Peculiar properties of chlorophyll thermoluminescence emission of autotrophically or mixotrophically grown Chlamydomonas reinhardtii

The microalgae Chlamydomonas reinhardtii and Chlorella sp. CCAP 211/84 were grown autotrophically and mixotrophically and their thermoluminescence emissions were recorded above 0 °C after excitation by 1, 2 or 3 xenon flashes or by continuous far-red light. An oscillation of the B band intensity according to the number of flashes was always observed, with a maximum after 2 flashes, accompanied by a downshift of the B band temperature maximum in mixotrophic compared to autotrophic grown cells, indicative of a dark stable pH gradient. Moreover, new flash-induced bands emerged in mixotrophic Chlamydomonas grown cells, at temperatures higher than that of the B band. In contrast to the afterglow band observed in higher plants, in Chlamydomonas these bands were not inducible by far-red light, were fully suppressed by 2 μM antimycin A, and peaked at different temperatures depending on the flash number and growth stage, with higher temperature maxima in cells at a stationary compared to an exponential growth stage.
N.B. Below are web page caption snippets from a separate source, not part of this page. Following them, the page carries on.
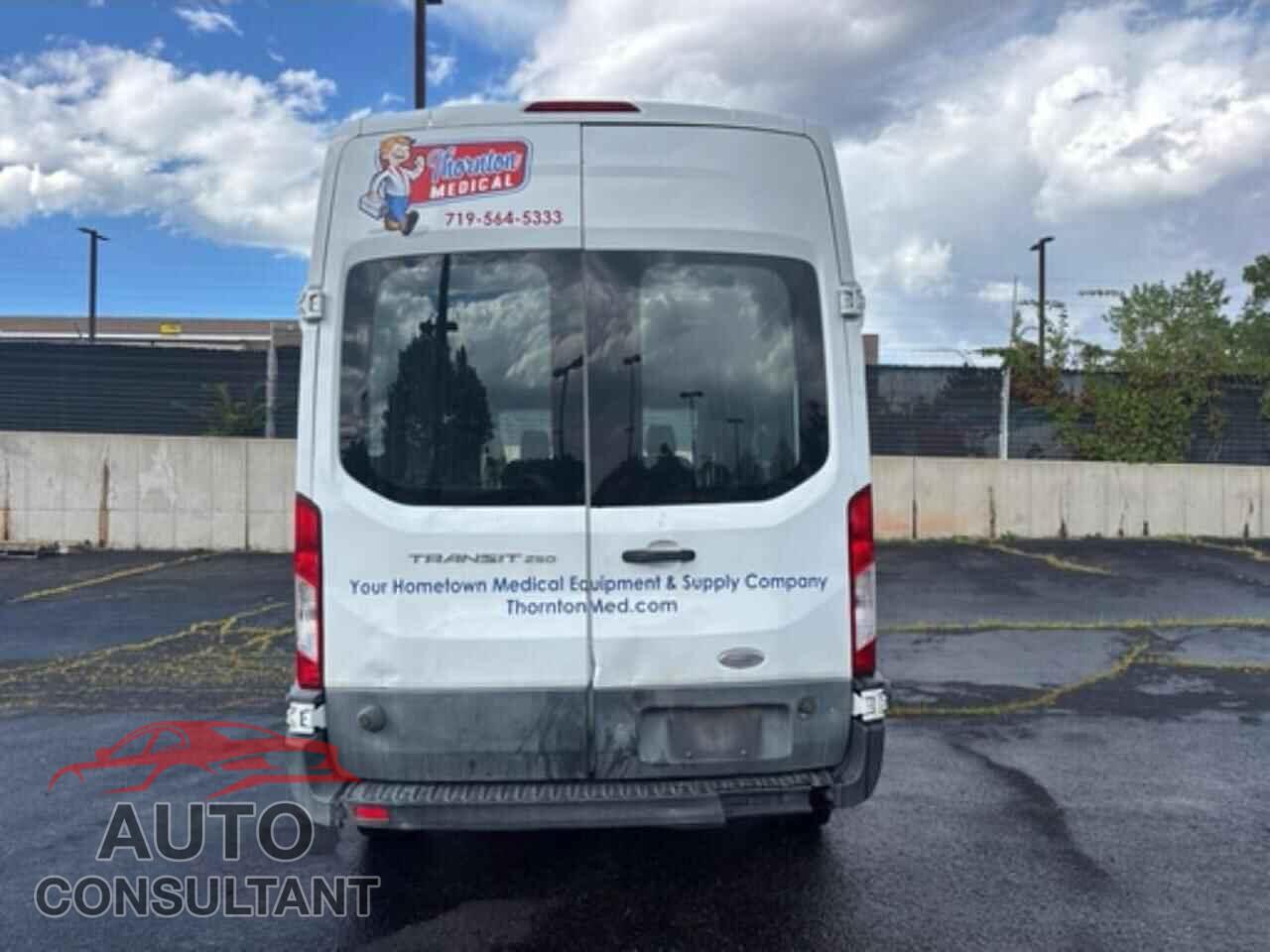 FORD TRANSIT 2015 - 1FTYR2XM7FKA37976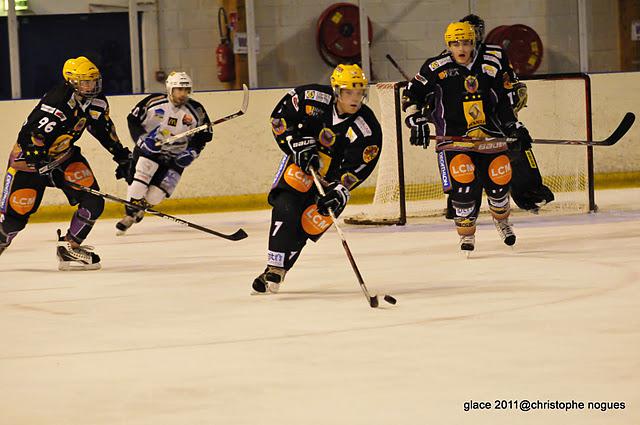 Photo hockey Division 3 - D3 : 3ème journée : Aubagne vs Briançon II - Le coeur à l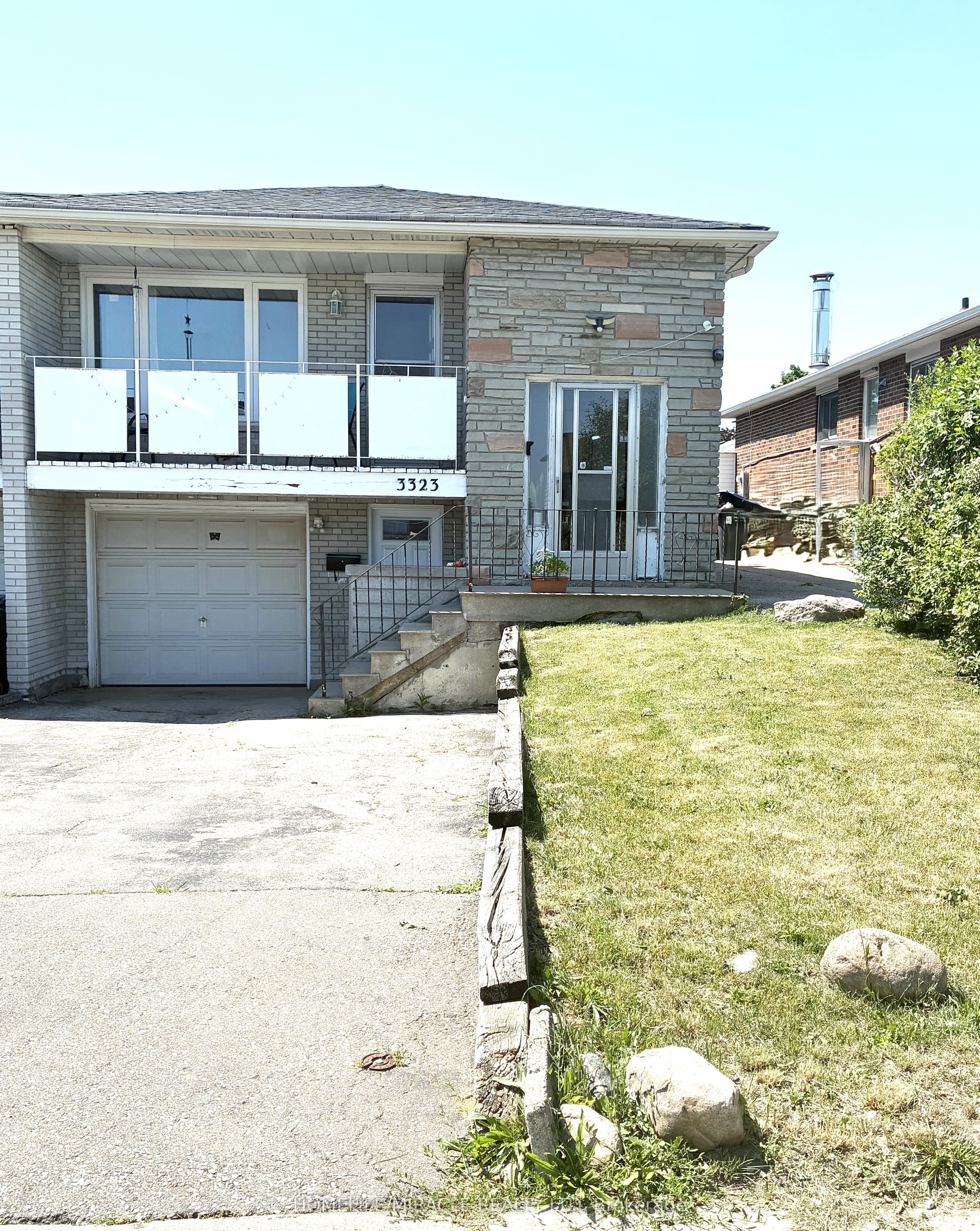 3323 Jolliffe Avenue, Mississauga, ON, L4T 1V6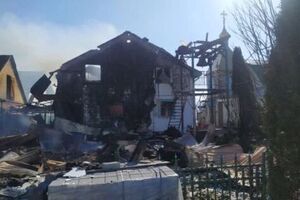 Кілька снарядів влучили по території обителі жіночого монастиря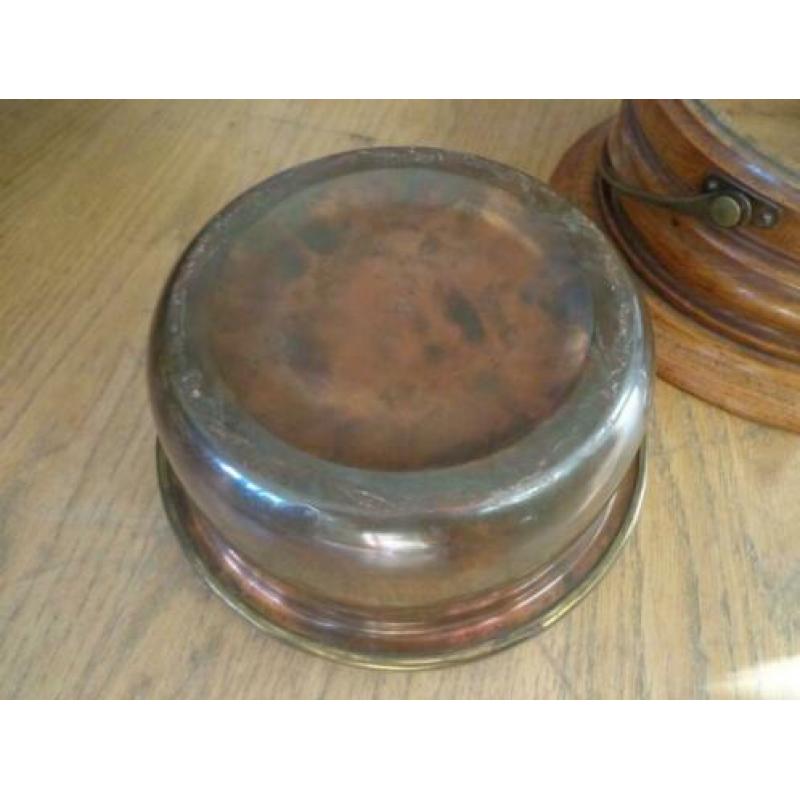Antieke ronde eiken stoof met koperen water reservoir. Ø31cm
These differences are discussed according to the particular properties of cyclic electron transfer pathways in C. reinhardtii.

Research highlights
► Thermoluminescence of Chlamydomonas reinhardtii depends on nutritive medium and stage of growth.
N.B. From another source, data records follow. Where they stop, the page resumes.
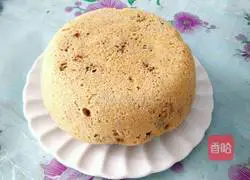 Illustration of how to make cornmeal and red date hair cake 10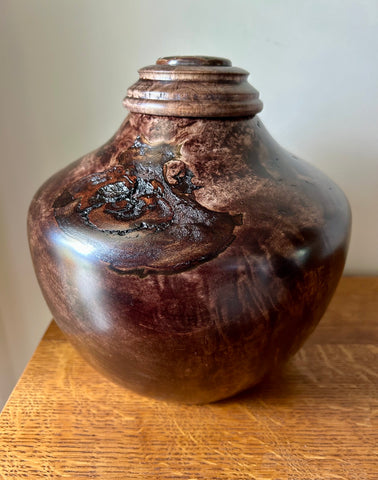 Maple Burl Individual Size Urn With Screw On Lid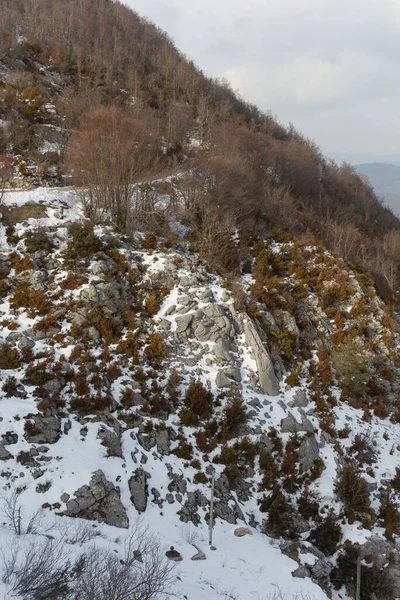 雪の下の崖の上の道路の垂直ショットVassiux Vercors — ストック写真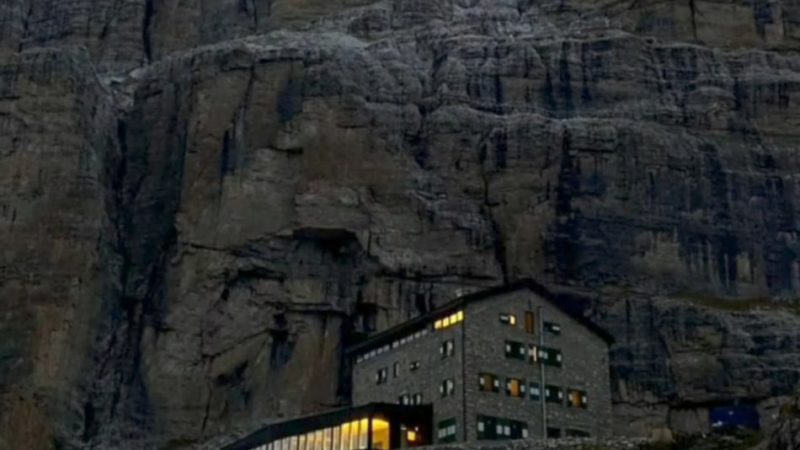 Quasi ultimati i lavori al nuovo rifugio Brentei. Riaprirà l’estate prossima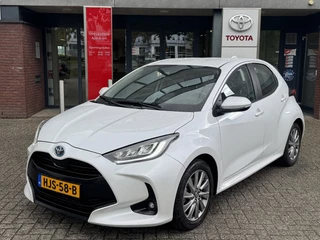 Toyota Yaris 1.5 HYBRID DYNAMIC STOEL/STUURVERW KEYLESS CLIMA AD-CRUISE APPLE/ANDROID 16'' LM-VELGEN CAMERA BLUETOOTH LED
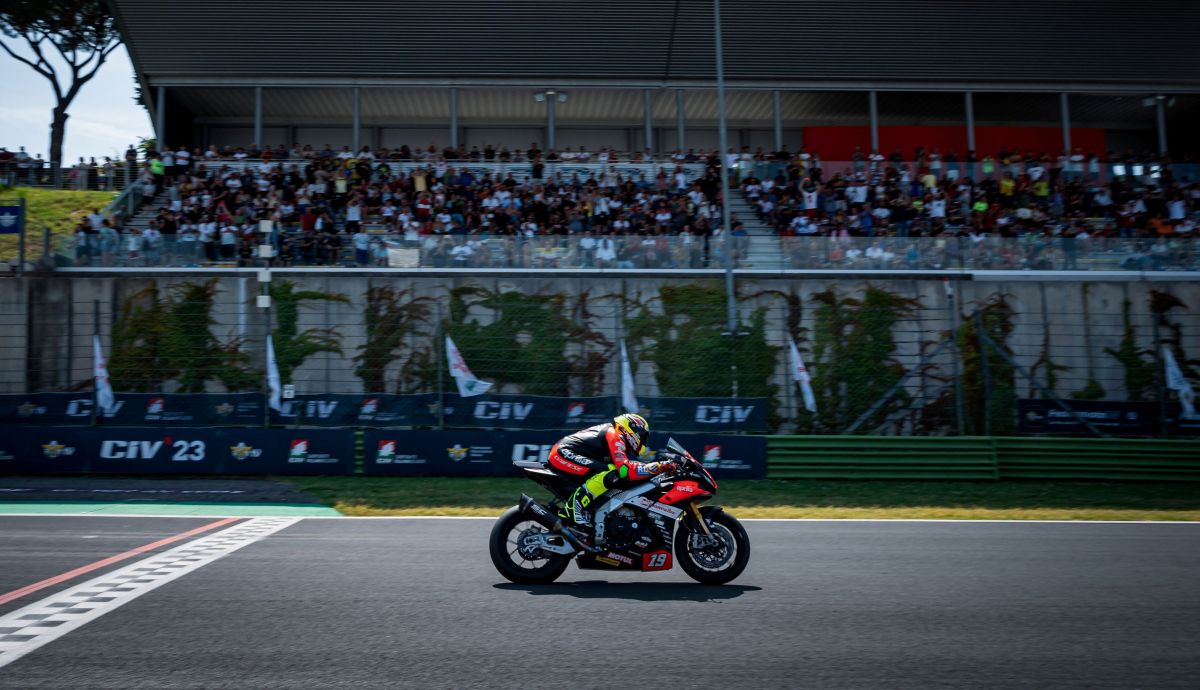 Luca Bernardi logró su primera victoria en el CIV Superbike Luca Bernardi logró su primera victoria en el CIV Superbike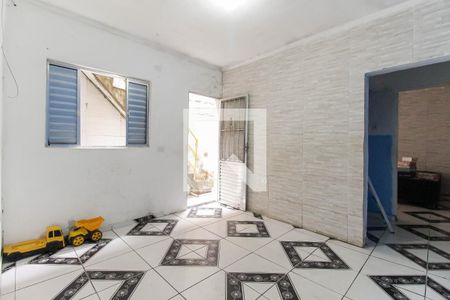 Sala de casa para alugar com 2 quartos, 100m² em Conjunto Habitacional Aguia de Haia, São Paulo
► A B band S2/3QB- downshift in mixotrophic vs autotrophic cells shows a dark-stable acidic lumen pH.
► In mixotrophic cells, non-B bands emerge due to an electron transfer from stroma to S2/3QB centers.
► Suppression of these “afterglow” bands by 2 μM antimycin A reveals a role of the FQR cyclic pathway.
► Readdition of iron in mixotrophic cells relaxes the B band downshift and suppresses the non-B bands.